Available local example data#

The current workflow configurations assume an example source space with 1284 sources and multiple subjects. A typical local data directory contains:

Expected example dataset layout#

Path

Contents

Used by

1284src_fwd/

MNE forward solutions such as CC120166-fwd.fif and fsaverage-fwd.fif.

Calibration EMD and source-coordinate lookup.

1284src_leadfield/

Reduced leadfield NPZ files such as CC120166_fixed_leadfield.npz and CC120166_free_leadfield.npz.

Data-generation workflow and inverse solvers.

fwd/

Full or intermediate forward-solution files.

Leadfield extraction and reduction utilities.

leadfield/

Alternative fixed/free leadfield NPZ layout.

Legacy or exploratory scripts.

Subject identifiers#

The default local example dataset commonly uses:

CC120166
CC120264
CC120309
CC120313
fsaverage

The exact subject list is controlled by the workflow configs. If a config requests a subject whose forward or leadfield file is missing, data generation or calibration will fail with a file-not-found error.

Minimal check#

Use this short check before running data generation:

from calibrain.utils import get_data_path

data_root = get_data_path()
print(data_root)
print(sorted((data_root / "1284src_leadfield").glob("*_fixed_leadfield.npz")))

For a configured example dataset, the second line should print at least one fixed-orientation leadfield file.

Workflow usage#

The data-generation workflow reads leadfields from the configured leadfield_dir:

CONFIG = {
    "leadfield_dir": "/path/to/calibrain/data/1284src_leadfield",
    "manifest_path": "/path/to/results/run_manifest/fixed.csv",
}

The calibration workflow uses forward solutions to recover source coordinates when source-space EMD is requested:

CALIBRAIN_DATA/1284src_fwd/<subject>-fwd.fif

Storage policy#

Large forward solutions, leadfields, generated posterior summaries, aggregated NPZ files, and calibration results should remain outside git. The repository .gitignore excludes local data/ and results/ directories by default.

Relationship to generated artifacts#

The example dataset is an input to the workflow. It is distinct from generated outputs:

Artifact

Created by

Purpose

Forward solutions and leadfields

Prepared before running CaliBrain workflows.

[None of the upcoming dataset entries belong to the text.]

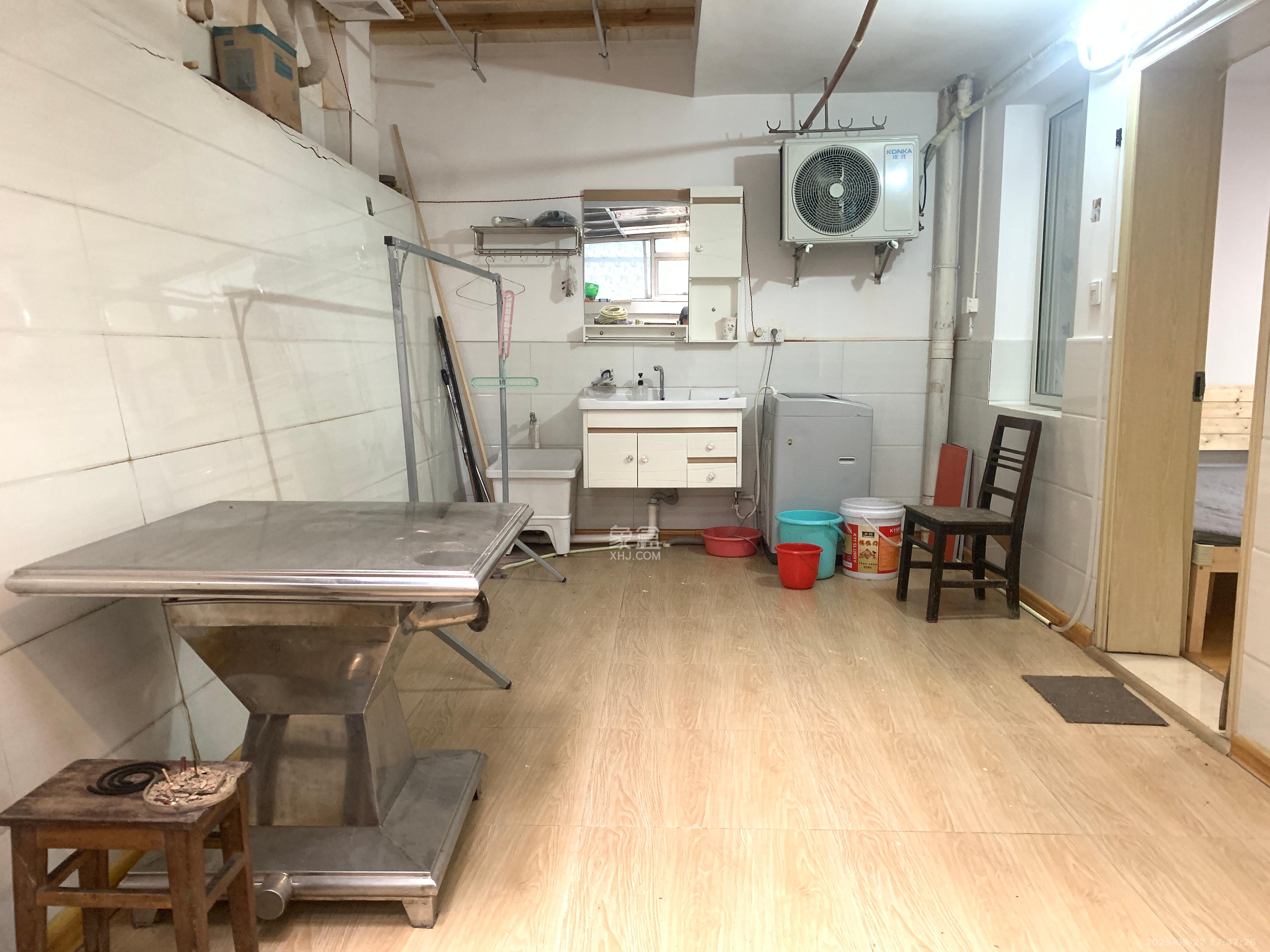 桂花路铁建宿舍 2室1厅1卫 1400.0元/月 桂花路铁建宿舍 2室1厅1卫 1400.0元/月室内图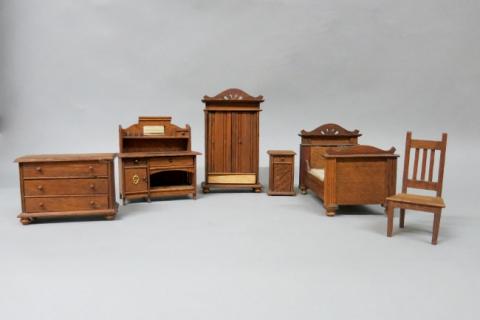 Primera imagen del registro Muebles para casa de muñecas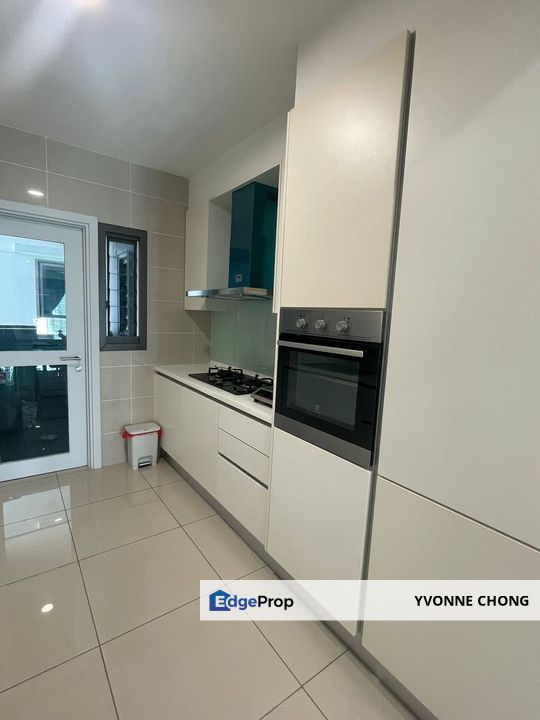 Fully furnished 4 bedrooms for rent @ Iskandar Residences Medini Iskandar , Johor, Nusajaya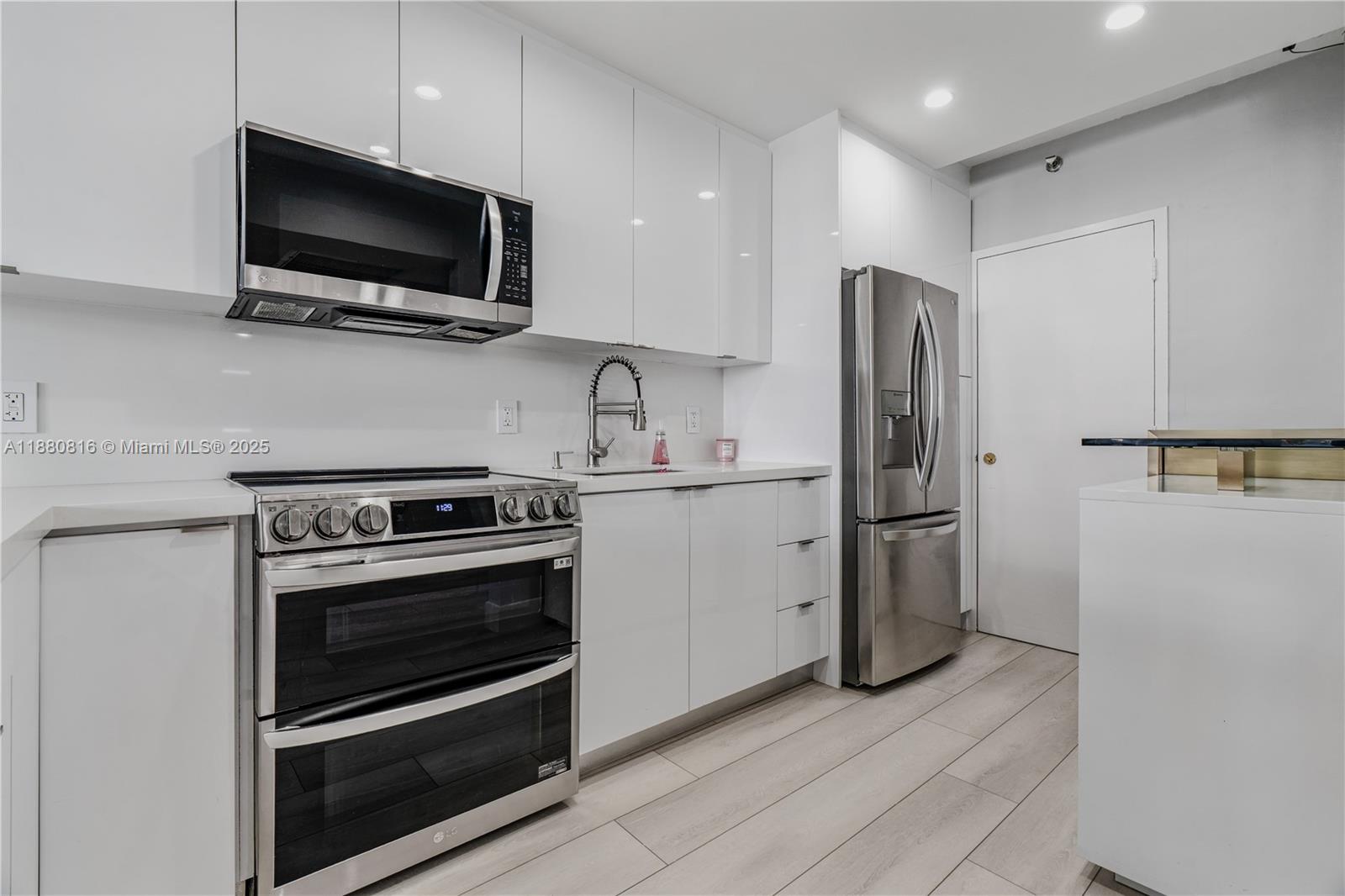 THE DECOPLAGE CONDO - Residential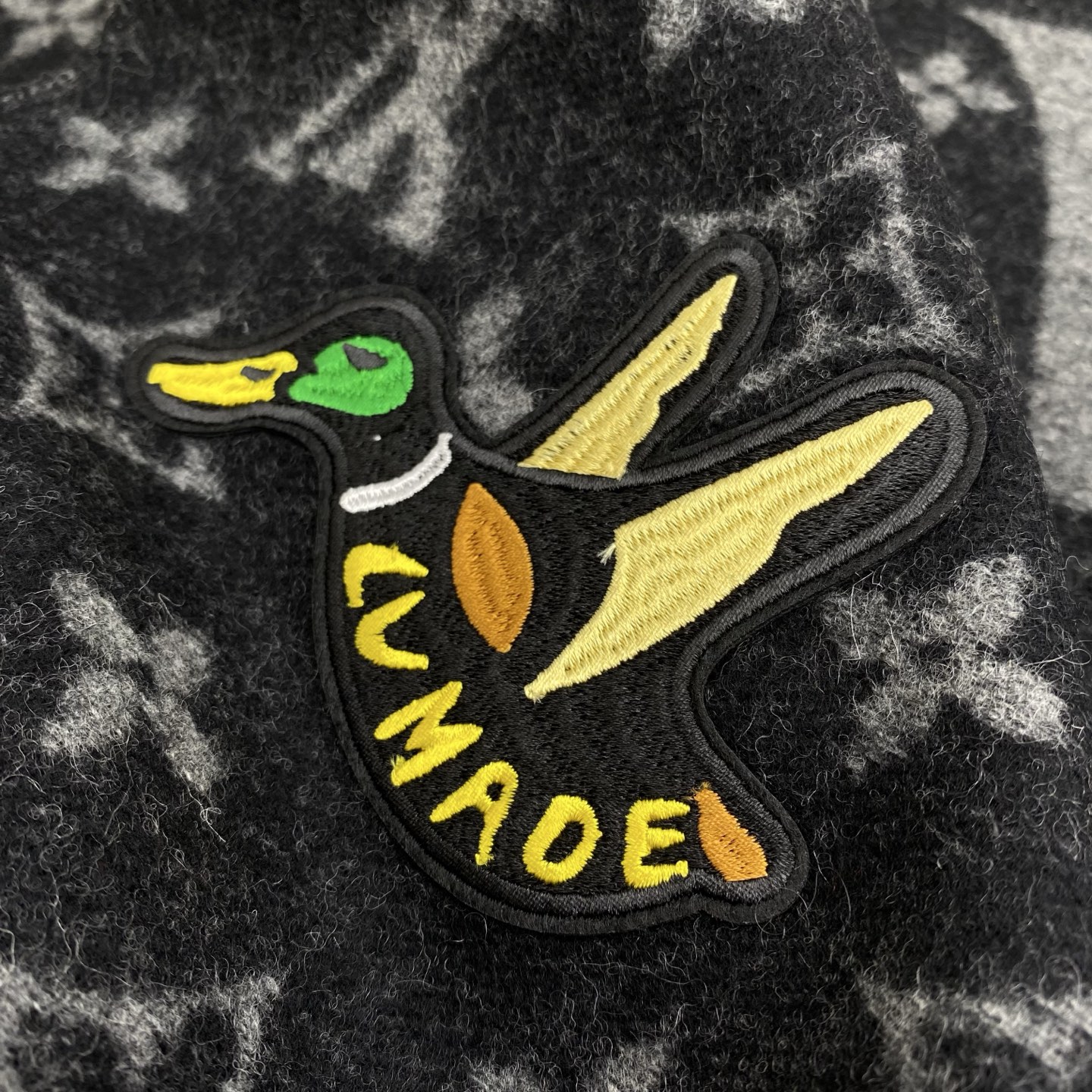 𝐋𝐨𝐮𝐢𝐬 𝐕𝐮𝐢𝐭𝐭𝐨𝐧《NIGO 联名款鸭子刺绣🦆围巾 》官网型号：M标签 100%羊绒Monogr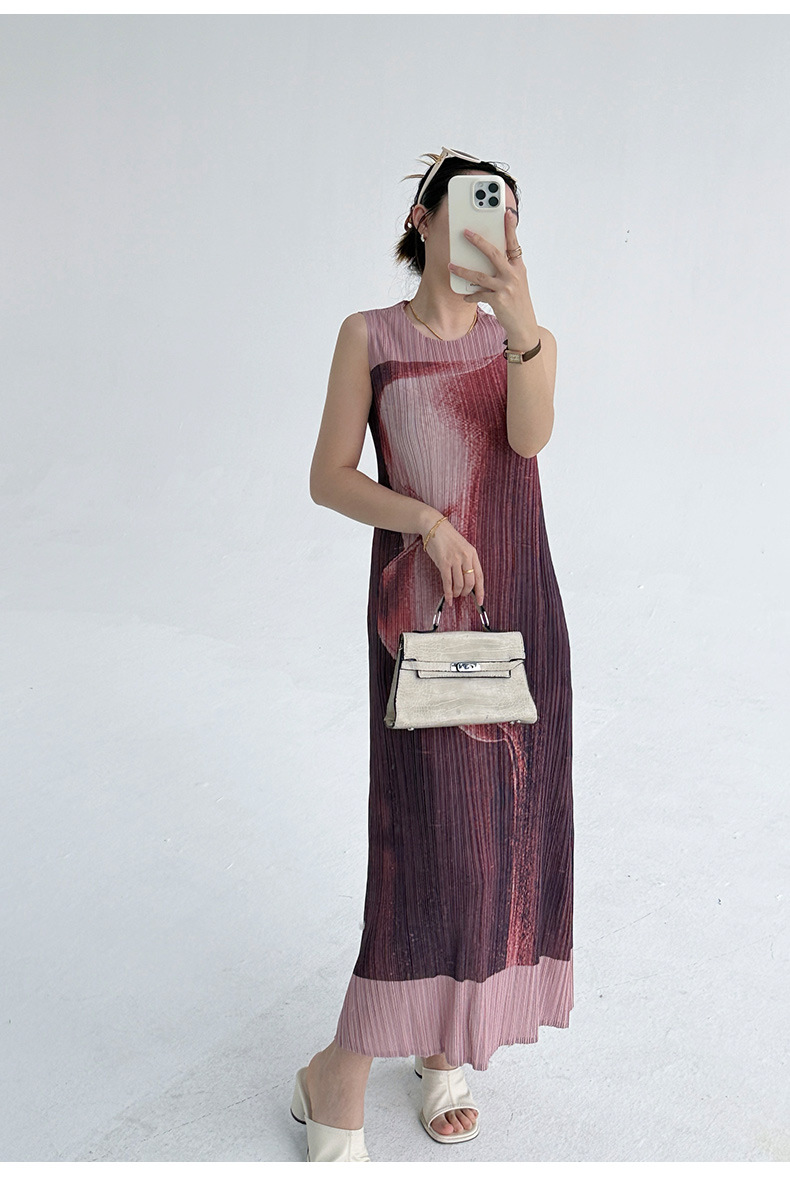 Đầm maxi nữ in hoa cổ tròn không tay ôm sát — Màu nâu đỏ chi tiết 15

Inputs for simulation, inverse estimation, and spatial metrics.

Posterior H5 summaries

calibrain/workflows/data_generation.py

Raw per-run solver output.

Manifest CSV

calibrain/workflows/data_generation.py

Auditable index of generated posterior summaries.

Aggregated NPZ datasets

calibrain/workflows/aggregation.py

Calibration-ready reduced uncertainty representation.

Calibration JSON records

calibrain/workflows/calibration.py

Pre/post calibration curves, metrics, and metadata.